Obtain with CodecBufferSpec.ofSize(..)
specifying the buffer sizes in bytes or opt in for the
default sized one using CodecBufferSpec.ofDefaultSize()
.
Certain types of java.io
streams can be excluded by means of withXXXStreamExclusions(..)
or addXXXStreamExclusions(..)
instance calls.
Based around plain byte arrays which is useful for single value operations.
Note: default implementation is suboptimal when it comes to IO on large quantities of values because of
the extra object allocations per single operation: use stream-oriented API for such occasions if possible.
public byte[] encode(T value);
public T decode(byte[] in);
Based around java.io
streams and is useful when dealing with large quantities of values.
public EncoderStream<T> wrap(OutputStream os);
public DecoderStream<T> wrap(InputStream is);
EncoderStream/DecoderStream
are a pair of light java.io
stream wrappers handling reads and writes:
public final class EncoderStream<T> implements AutoCloseable, Flushable {
public void write(T input);
}
public final class DecoderStream<T> implements AutoCloseable {
public T read();
}
Standard java serialization function that works for any Serializable object. Use for applications where
serialization performance and footprint size is not a concern.
To lower the footprint apply compression or better still use binary serialization function which yields much
better performance and smallest possible footprint.
Obtain with: CodecFunctions.javaSerializing(..)
providing the target Class
.
Ad-hoc binary serialization function comprised of a pair of custom java.io
stream wrappers
StateInputStream /
StateOutputStream featuring convenient API
to read and write most of the standard Java types including collections, maps, arrays, strings and enums.
Supports LEB128 variable-length encoded int
and long
values.
Note: unsigned variable-length ints are used internally to serialize enum ordinals and length values
for contiguous data types (e.g. collections, arrays) helping to yield tiny serialization footprint.
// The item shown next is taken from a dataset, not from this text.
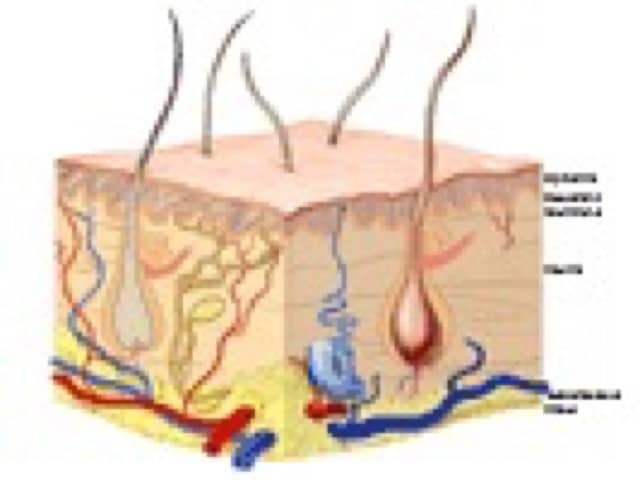 Skin structure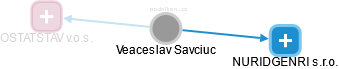 Veaceslav Savciuc - Vizualizace  propojení osoby a firem v obchodním rejstříku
Obtain with: CodecFunctions.binarySerializing(..)
providing a pair of functions for reading and writing the
target type.
E.g. such function implementation for aforementioned Person
pojo would look like this:
CodecFunction<Person> personCodecFunction =
CodecFunctions.binarySerializing(
(out, person) -> out.putString(person.name).putInt(person.age),
in -> new Person(in.getString(), in.getInt())
);
Limitations:
- field reads and writes should be carried out in the exact same order
- null values are not supported
Encryption filter based on a solid AES encryption method with data integrity validation
and cryptographically strong random number generators.
Sensibly configured. Implemented on top of the standard library (java.security
/java.crypto
).
Obtain with CodecFilters.encryptWithAes(..)
providing the 16 byte
secret key (or opt in for a random generated one).
Specs:
- Galois/Counter transformation mode (AES/GCM/NoPadding): streaming AES with data integrity validation
- 128 bit secret key: optimal key length
- 96 bit initialization vector (salt): optimal length, random value is generated per each encryption
- 128 bit authentication tag
Limitations:
When using this filter authentication tag is computed on the fly against the whole stream and is flushed
at the very end when the underlying CipherOutputStream
is closed. So in order to validate the tag the whole payload
should be fully read back (decoded) and then the input stream should be closed triggering the underlying
CipherInputStream
to read and validate the tag from whatever leftover bytes in the stream.